Without copying any picture, transcribe exactly the lines of the data below from the one containing "LINEN & SILK TOP" through the one containing "First page of the Zoning Permit Application".

───── RECORD EXTRACTS ─────

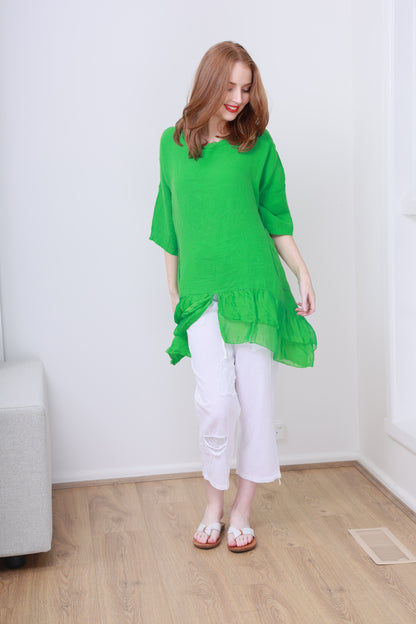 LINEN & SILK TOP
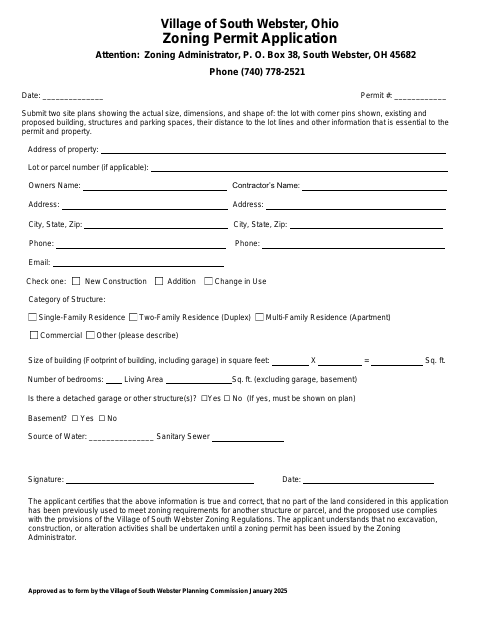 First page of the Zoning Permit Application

─────
───── RECORD EXTRACTS ─────

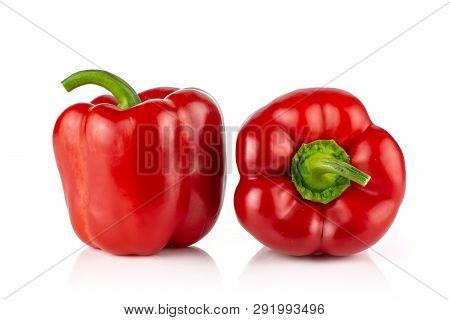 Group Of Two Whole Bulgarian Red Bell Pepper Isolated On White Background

─────

* _EXERCISE RESPONSE_:
 LINEN & SILK TOP
 First page of the Zoning Permit Application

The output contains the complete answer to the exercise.